Provided material
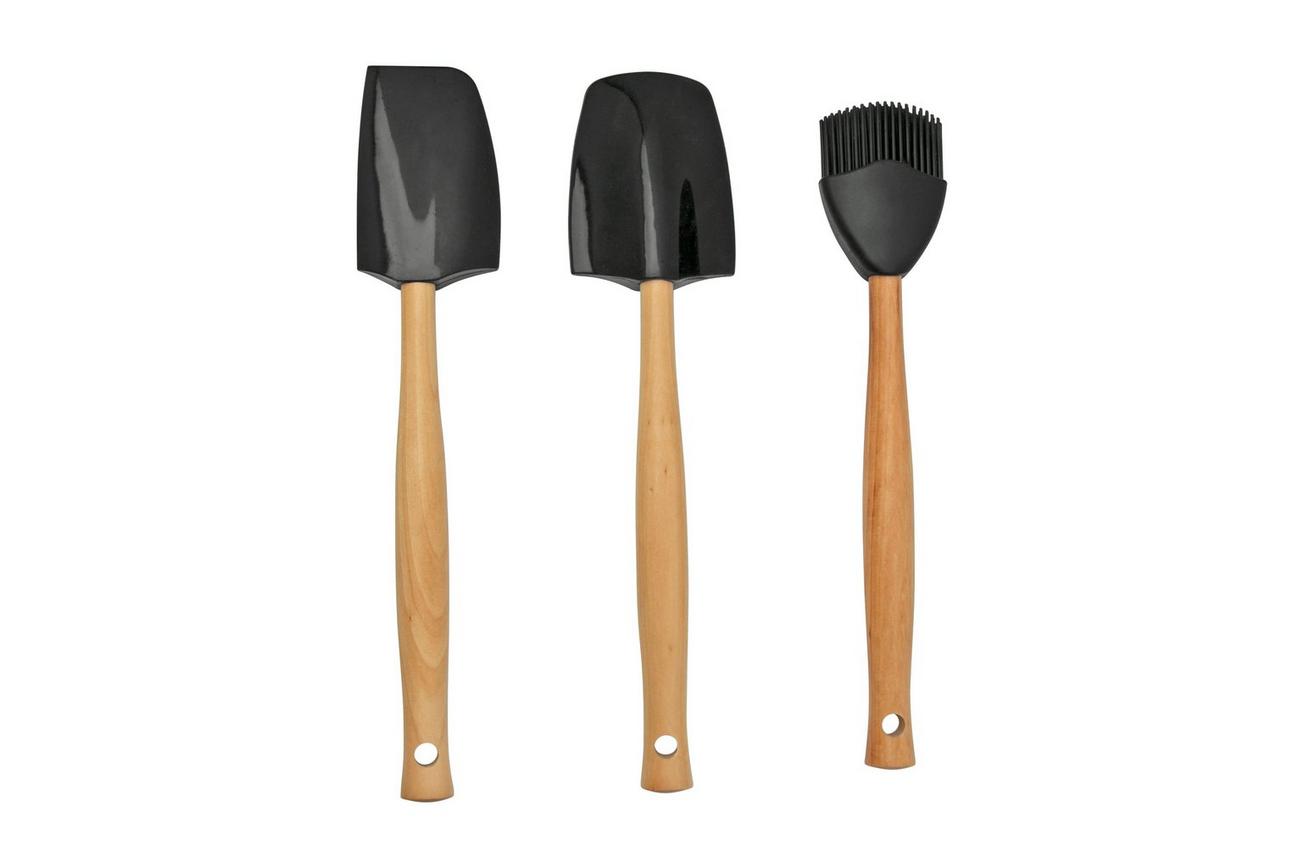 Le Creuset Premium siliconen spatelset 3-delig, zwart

...

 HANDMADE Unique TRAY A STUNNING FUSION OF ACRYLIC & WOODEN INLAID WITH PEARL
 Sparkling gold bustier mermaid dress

Problem statement
Whatever else the listing above holds, retype exactly only the lines from the one containing "HANDMADE Unique TRAY" to the one containing "Sparkling gold bustier mermaid dress", both ends kept.

Problem solution
 HANDMADE Unique TRAY A STUNNING FUSION OF ACRYLIC & WOODEN INLAID WITH PEARL
 Sparkling gold bustier mermaid dress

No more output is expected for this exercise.